Comunidade que não vive para si mesma, mas está desde sempre
destinada às muitas exterioridades do mundo e da vida comum dos homens e das
mulheres. Não é diferente a tarefa evangélica que pertence à própria teologia.
Ela existe não para falar de si mesma, para encontrar um cantinho de
reconhecimento consolatório cômodo e imediato. Fazer teologia significa, em
primeira instância, cultivar sabiamente a notícia evangélica de Deus na forma
de mediação cultural da fé.
Ela nasce na Igreja e nas vivências de fé que fazem a realidade
da sua presença entre o humano que é comum a todos nós; mas, desde as suas
origens, a teologia nunca se contentou em interromper o seu caminho, uma vez
alcançado o limiar da comunidade cristã. Ao contrário, pensando-se como
acompanhamento da vivência de fé e sua legitimação, nos territórios comuns do
viver humano e nas formas institucionais da sua organização.
Extramuros
Esses limiares, nos seus melhores tempos, sempre foram superadas
por ela para transbordar em dimensões mais amplas do viver e da cultura; sem
temer frequentar territórios externos, pouco conhecidos, talvez até hostis.
Porque é precisamente aqui que é posta à prova a bondade da teologia para a
própria fé. É nas suas capacidades de exterioridade que ela pode se propor à fé
vivida concretamente como um saber que sustenta a sua aventura e que amadurece
culturalmente o seu discernimento sintonizado com o imaginário evangélico de
Deus.
Para poder ser tudo isso também hoje, a teologia pede um sábio
cultivo do tempo. Não pode ser apenas uma aplicação parcial ao lado de muitas
outras, talvez ditadas por urgências contingentes. Se quisermos fazer teologia,
é preciso se dedicar a ela, prontos também para pagar o preço de um trabalho
cotidiano que exige sacrifício e aplicação, além de inteligência.

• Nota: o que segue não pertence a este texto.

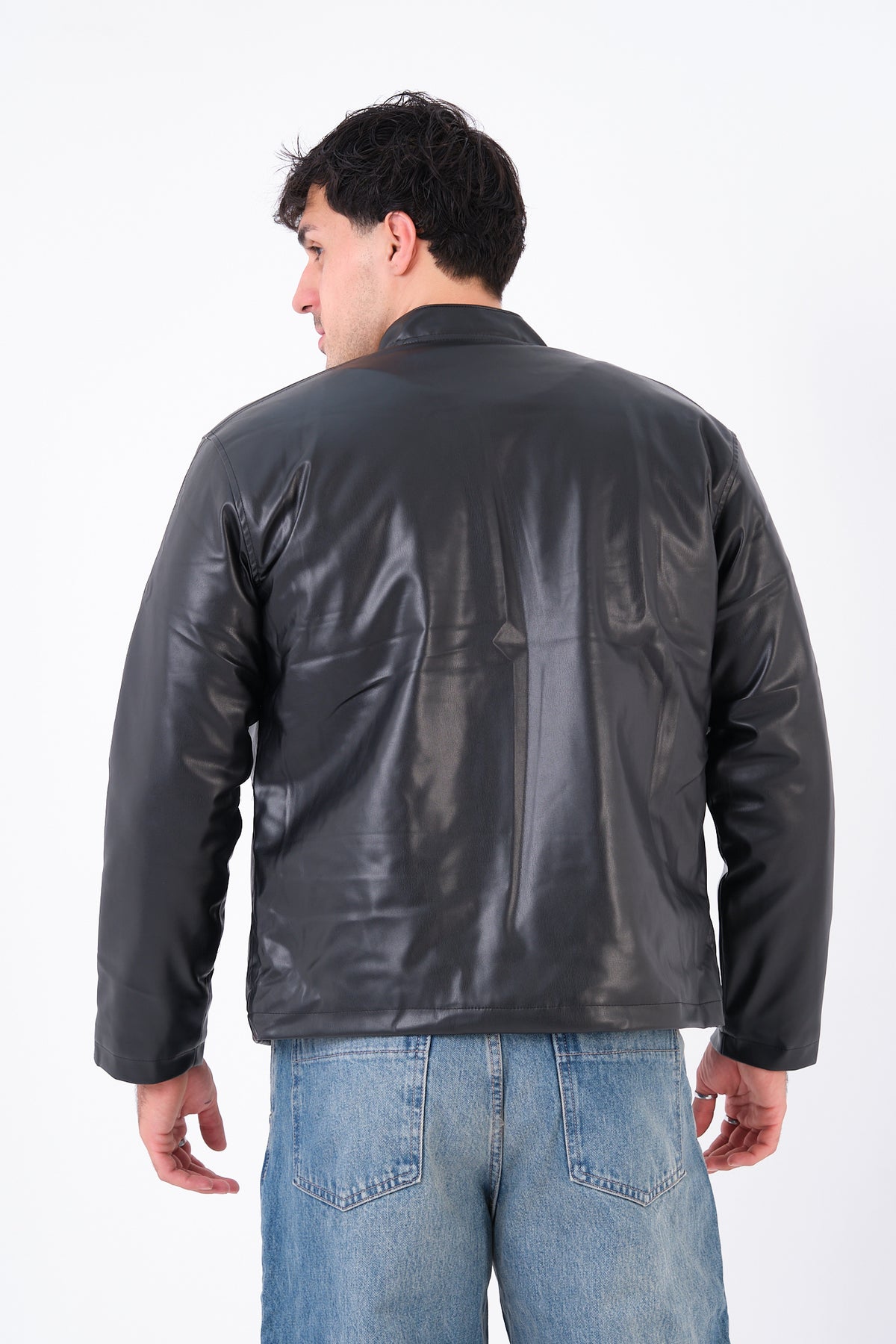 color:black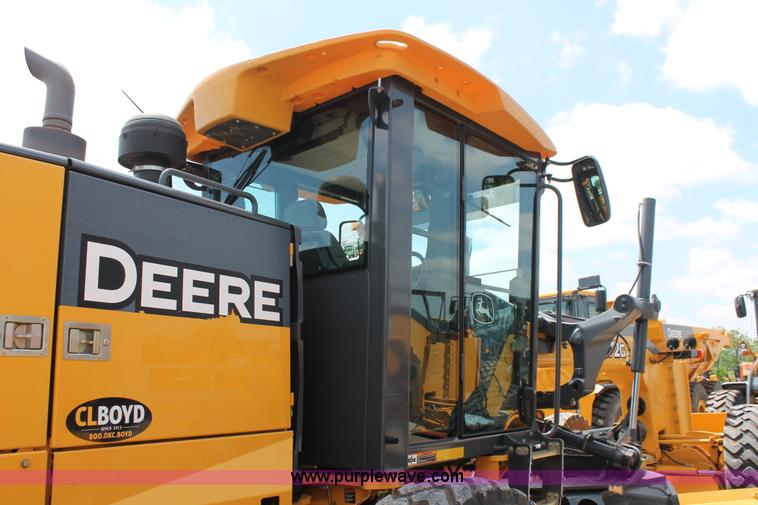 image for item K8959 2010 John Deere 672G motor grader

Profissão teólogo/a : um bem para
a Igreja
Sem um investimento concreto na teologia, ou seja, em homens e
mulheres que podem se dedicar a ela em tempo integral, a Igreja se empobrece,
torna-se dependente na elaboração do seu discernimento cultural do Evangelho e
na adequação do seu juízo de civilização.
A Igreja acaba importando, a esse respeito, em sua própria casa,
vozes e posições que têm muito pouco a ver com o cuidado da fé no tempo
presente e com a incisão evangélica da sua palavra nas vivências dos nossos
contemporâneos. Ela corre o risco de ir em busca de ideologias muito distantes
da tarefa que o Senhor lhe confiou, apenas porque, nelas, se ilude de encontrar
uma espécie de margem que a confirma e a tranquiliza.

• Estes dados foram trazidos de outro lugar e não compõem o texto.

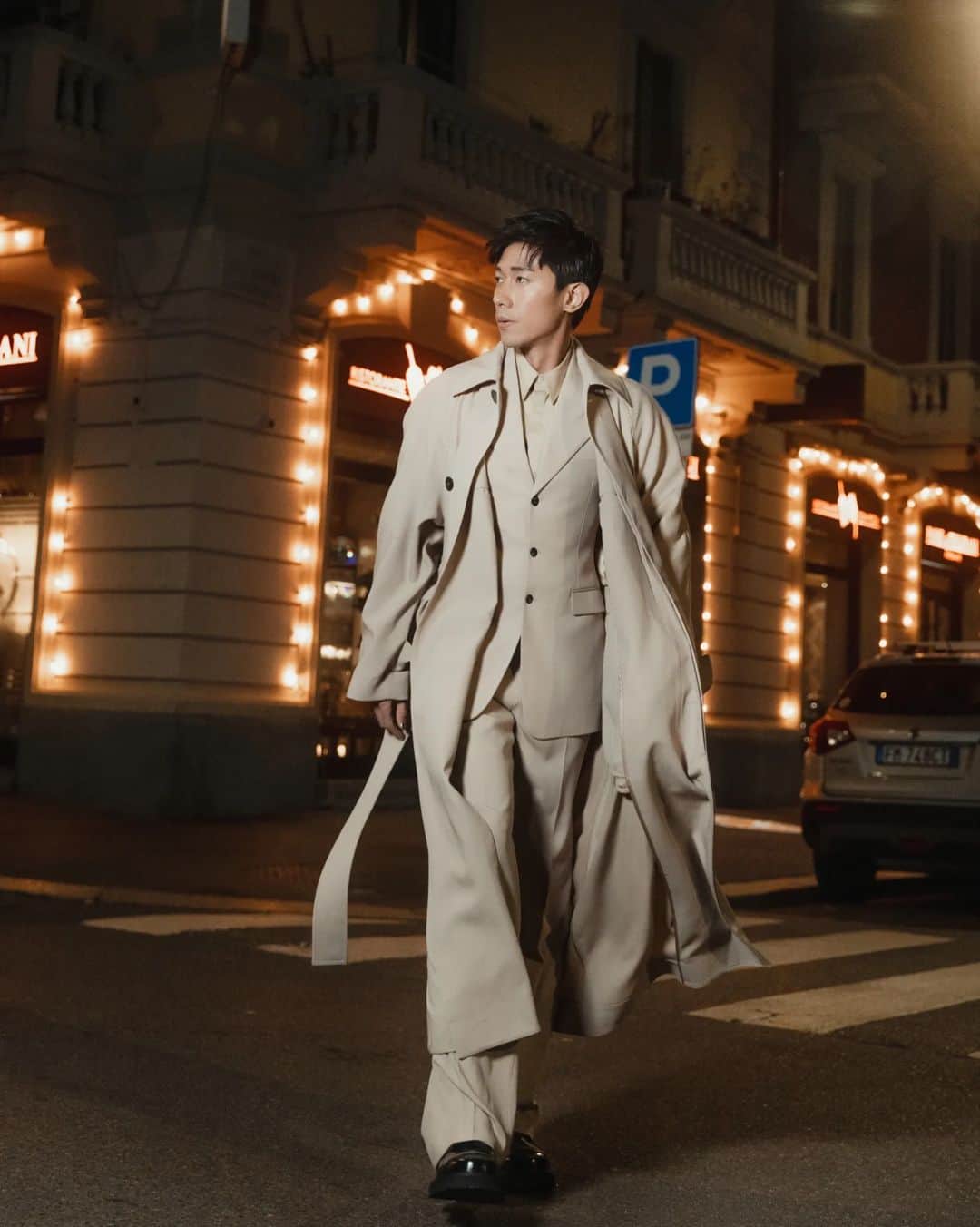デスモンド・タンのインスタグラム：「It's rather easy to shine in the light but to glow in the dark.. That's mastery. Be the star that glows in the dark when people cannot see the path. 🌠 Find your glow and just dance, shall we?  The new direction at Ferragamo is definitely a new beginning to look forward to! 🎈The new fabrications and new silhouettes introduced by @_maximiliandavis_ are amazing!  #FERRAGAMOSS23 @Ferragamo  Special Thanks:  Creative Direction & Photography by @waltertan // @assemblyclan」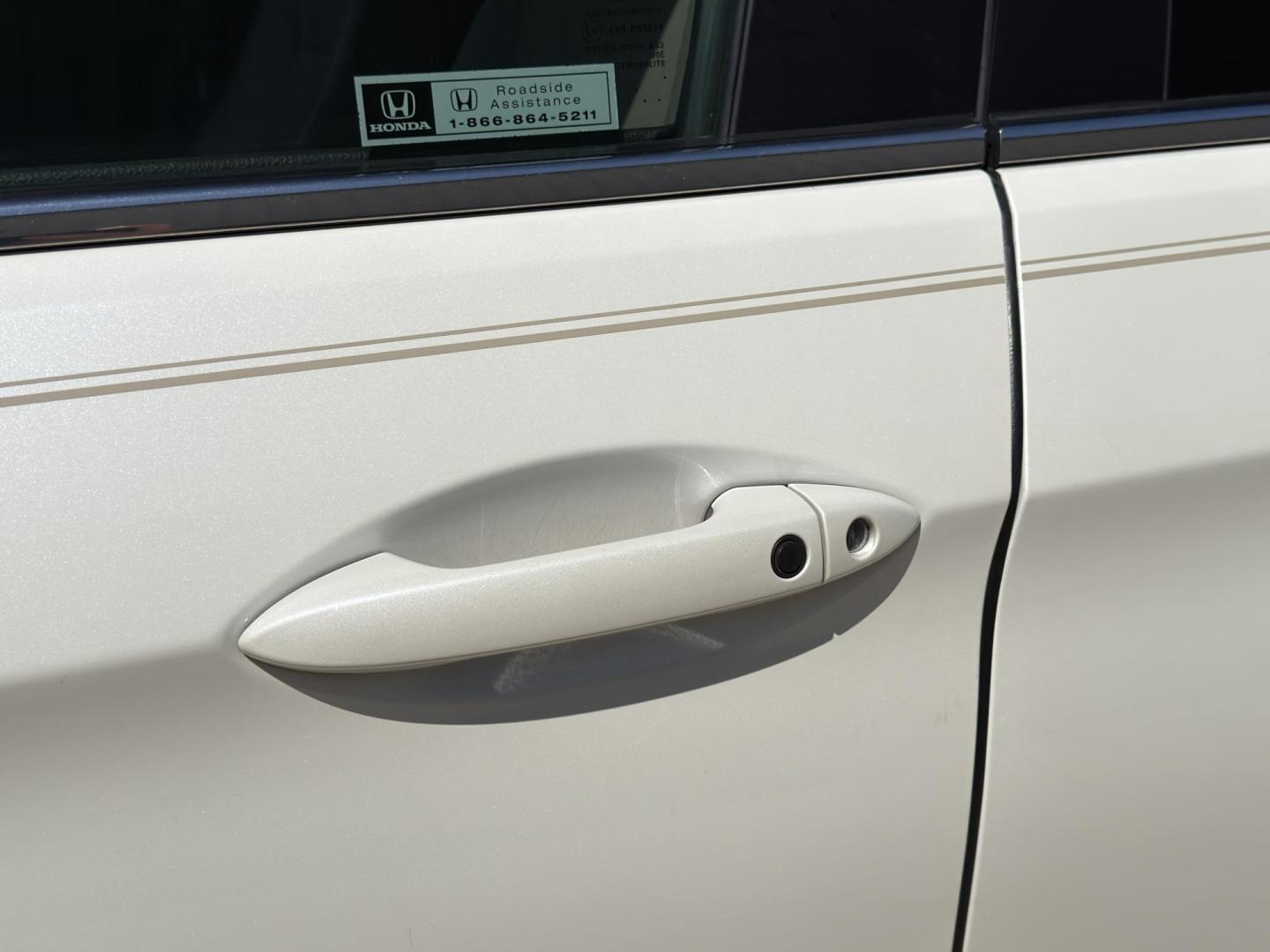 2018 WHITE /Tan Honda Pilot EX-L w/Navigation AWD (5FNYF6H75JB) with an 3.5L V6 engine, Automatic transmission, located at 2990 Old Orchard Rd., Jackson, MO, 63755, 37.354214, -89.612106 - 2018 Honda Pilot EX-L 142xxx miles All Wheel Drive 3.5L V6 Automatic Leather 3rd Row Navigation Power/Heated Seats Backup Camera Sunroof Bluetooth Remote Start Cruise Power Windows/Locks/Mirrors We have financing available and we accept trades! Fill out a credit application on our web - Photo#39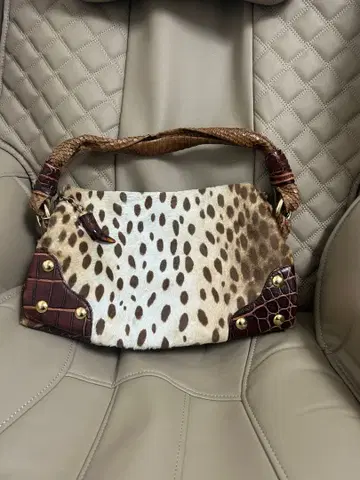 이탈리아제 DESMO 애니멀 송치 가죽 핸드백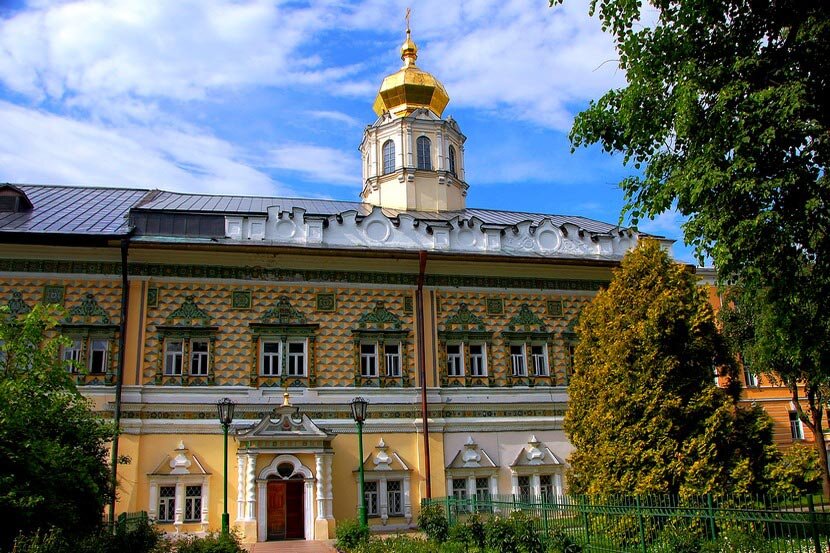 Царские чертоги. Не путать с Трапезной палатой!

Não é possível ser teólogo ou teóloga e fazer mil outras coisas
ao mesmo tempo – mesmo que necessárias, talvez até urgentes para uma Igreja
local. O poder de dispersão acabaria existindo, aqui, em detrimento a um
pensamento teológico à altura da própria tarefa. E a própria Igreja local
sofreria com isso, muito além de qualquer solução provisória para situações de
emergência. Ela simplesmente acabaria sendo mais pobre, ficaria sem aquela
amplitude de imaginação e de inteligência que o Evangelho exige dela.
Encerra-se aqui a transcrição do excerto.